__What is being asked__
An exact copy of every line from the one holding "Somebody To Love" to the end of the entries below is required; leave the pictures out.
────
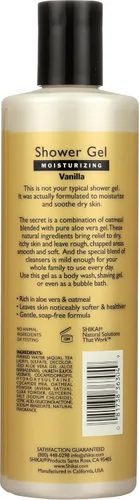Vista 2 de ShiKai Gel de ducha hidratante diario (vainilla, 12 onzas) Con aloe vera hidratante y avena Gel de baño perfumado para aliviar la piel seca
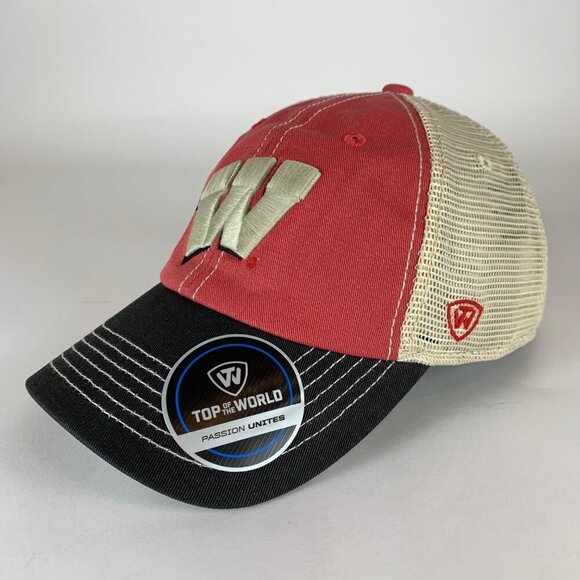 Wisconsin Badgers NCAA Red Black Beige Top of the World Relaxed Fit Trucker Hat - Picture 1 of 5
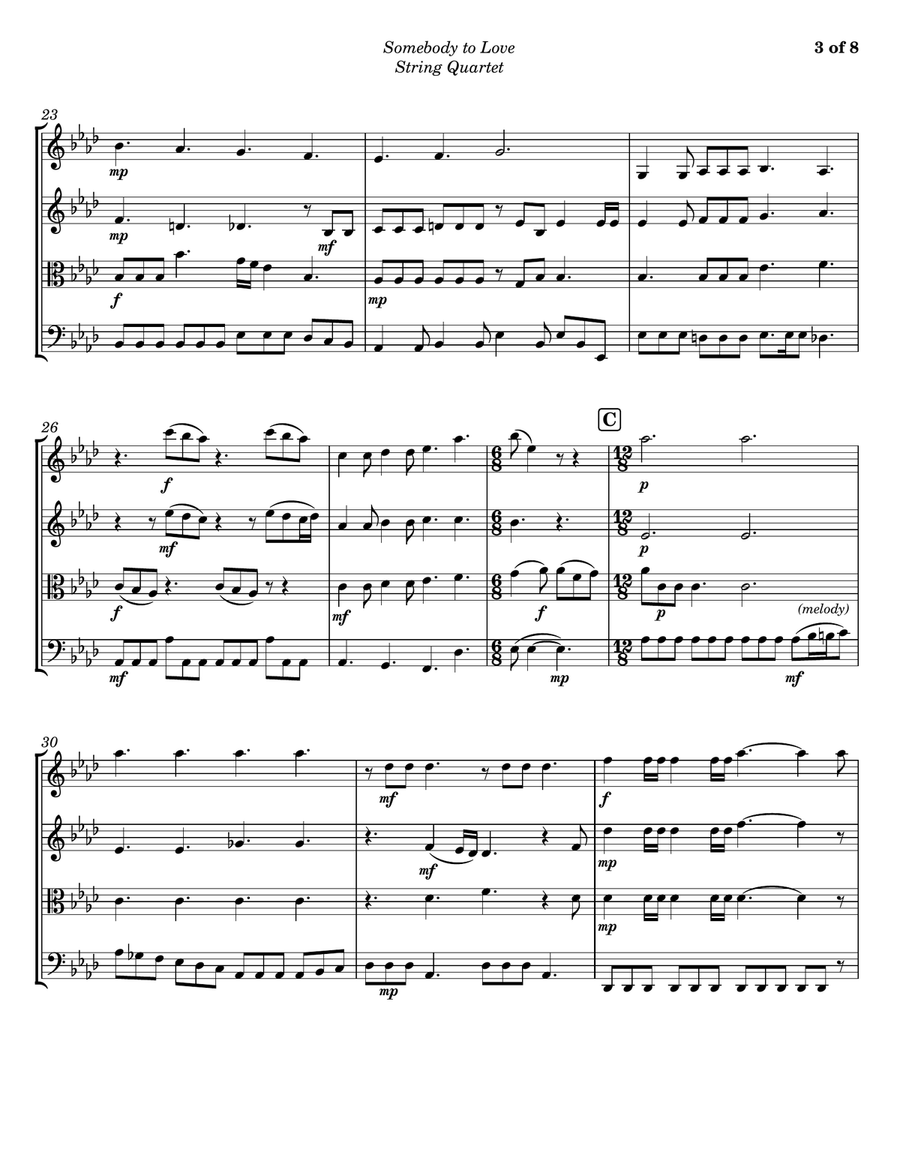 Somebody To Love String Quartet scores gallery preview page 3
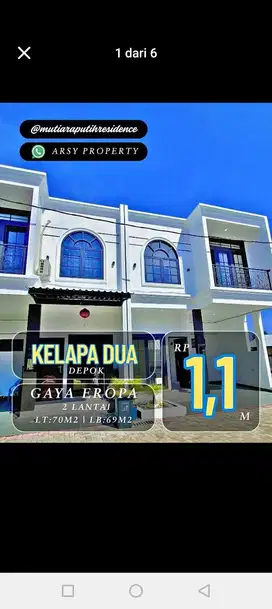 Termurah Rumah 2 lantai gaya eropa lokasi Akses UI kelapa dua Depok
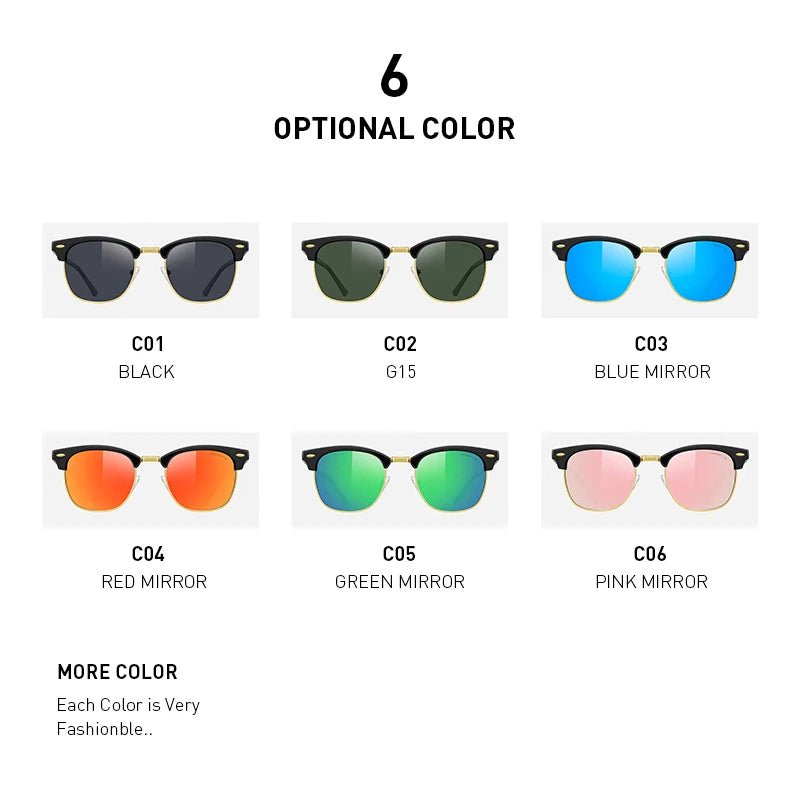 Classic Retro Rivet Polarized Sunglasses – Semi - Rimless UV400 Driving Shades for Men & Women (S8816) - HalleBeauty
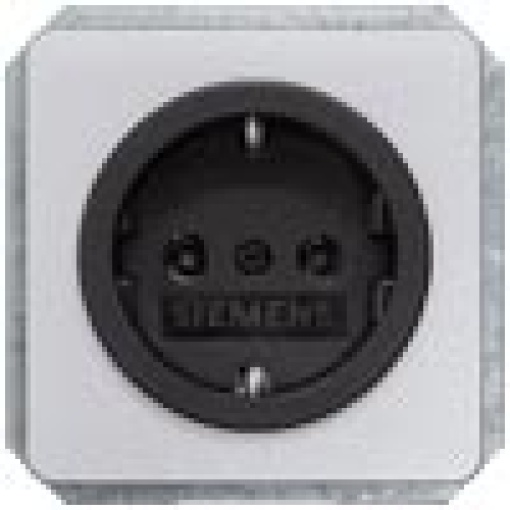 DELTA profil SCHUKO socket outlet silver with black bezel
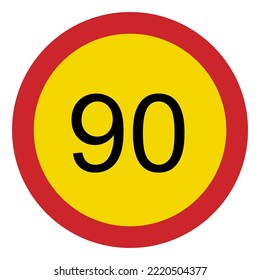 Prohibited road signs. Speed limit 90. Traffic signs.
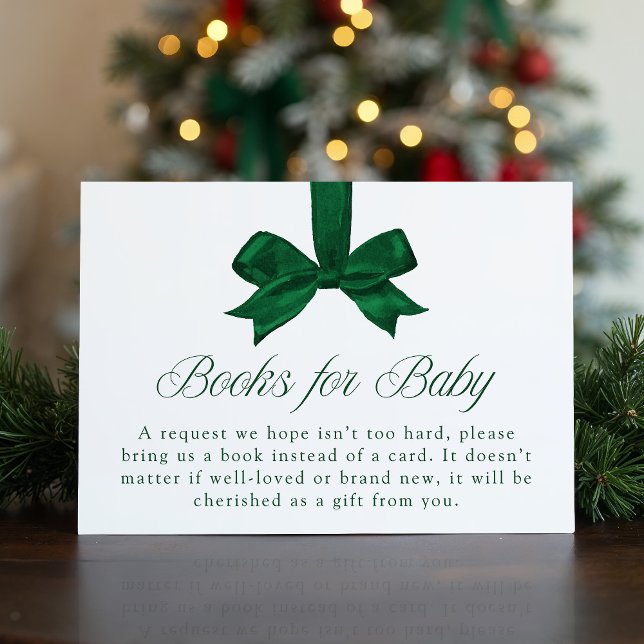 Elegant Green Bow Christmas Books For Baby Tilläggskort (Skapare uppladdad)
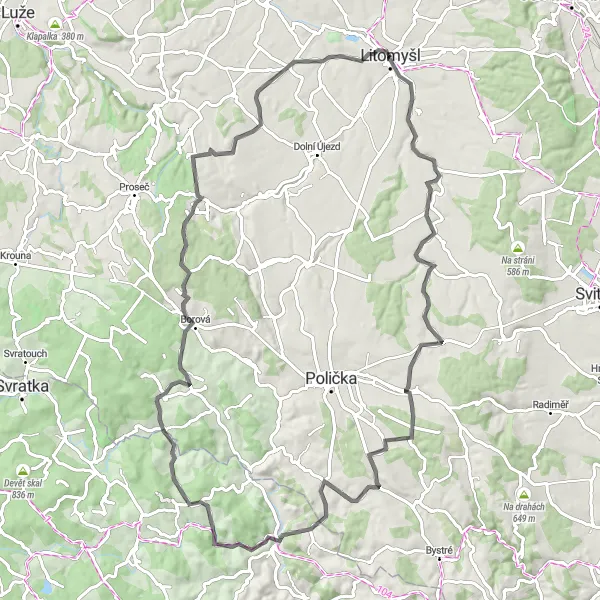 Mapa miniatúra "Kolo trasy Čistá - Višňáry" cyklistická inšpirácia v Severovýchod, Czech Republic. Vygenerované cyklistickým plánovačom trás Tarmacs.app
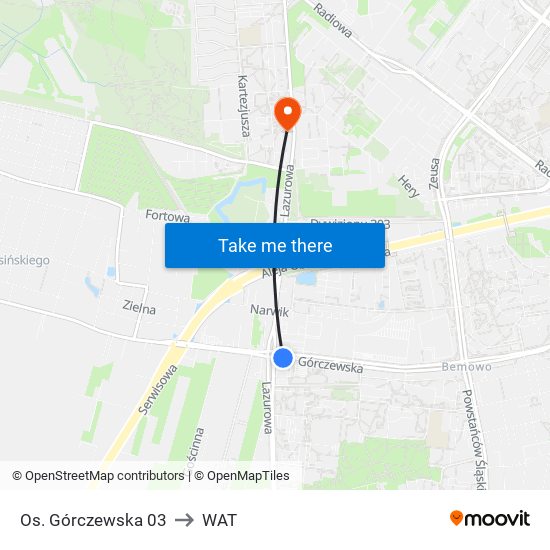 Os. Górczewska 03 to WAT map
────
__Exercise response__
 Somebody To Love String Quartet scores gallery preview page 3
 Termurah Rumah 2 lantai gaya eropa lokasi Akses UI kelapa dua Depok
 Classic Retro Rivet Polarized Sunglasses – Semi - Rimless UV400 Driving Shades for Men & Women (S8816) - HalleBeauty
 DELTA profil SCHUKO socket outlet silver with black bezel
 Prohibited road signs. Speed limit 90. Traffic signs.
 Elegant Green Bow Christmas Books For Baby Tilläggskort (Skapare uppladdad)
 Mapa miniatúra "Kolo trasy Čistá - Višňáry" cyklistická inšpirácia v Severovýchod, Czech Republic. Vygenerované cyklistickým plánovačom trás Tarmacs.app
 Os. Górczewska 03 to WAT map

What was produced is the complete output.